This is a powerful argument that turns the tables on so much of the debate about judicial review as that debate focuses exclusively on judges and forgets that it is citizens who bring these challenges and every single citizen has the right to do so. Lafont appeals to the evocative imagery of citizens in robes and suggests that contesting legislation at the level of the Supreme Court does not take questions out of the public sphere and into the legal domain but rather brings questions of right and constitutionality into the political domain. The focus is not on the judicial decisions which are often narrow and legalistic (Zurn 2020). The focus instead is on the public debate that is catalyzed by these challenges. And here Lafont uses the example of same sex marriage to suggest that the tide of public opinion turned partly it would seem by a change of framing in the public debate from an ethical question about the meaning of marriage to a constitutional question about right. Lafont argues that a debate about the meaning of marriage is subject to deep disagreement as participants draw on comprehensive values many of which may be anchored in religious convictions not shared by all citizens. Debate about constitutionality, by contrast, is structured in such a way that only appeals to liberal democratic principles of legality and right are appropriate. This she claims makes it possible to find agreement on fundamental questions of justice. I take a closer look at this argument in the next section. For now, I want to stress her claim that we should see the slow but steady development of a strong public support for same sex marriage, initiated by legal challenges, as an exercise in participatory deliberative democracy.
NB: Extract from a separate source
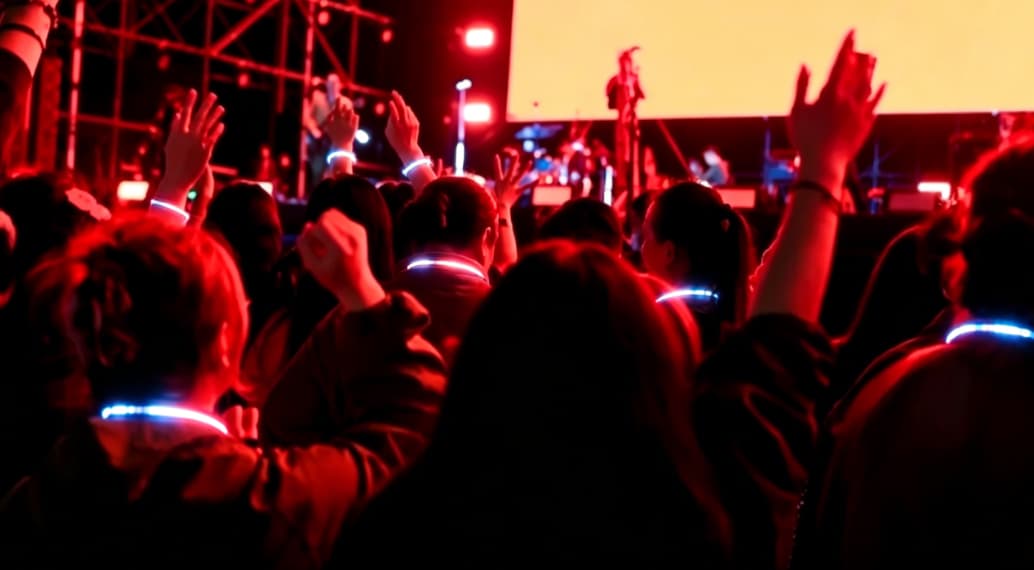 Event staff with illuminated LED ID lanyards at large festival for easy crew identification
Lafont makes a strong case for seeing constitutional contestation and judicial review as a citizen led and citizen focused process. We are all potential petitioners with the right to directly challenge any and all law on the grounds that it violates my or our status as free and equal citizens. This challenge is not just about demanding a justification for law from elites, it is also more importantly about initiating a conversation in which we collectively engage in mutual justification. Lafont wants to convince us that long term public debates about foundational questions of justice are the place that citizens exercise democratic control. Thus her admonishment against shortcuts is not only a criticism of views that seek to bypass citizen participation, it is also a call to look at democratic politics as a long term process not measured in election cycles but over generations. There are no shortcuts to creating the political culture that can sustain rights and freedoms over time. Supreme court decisions can contribute to this ongoing process but they can’t determine its outcome.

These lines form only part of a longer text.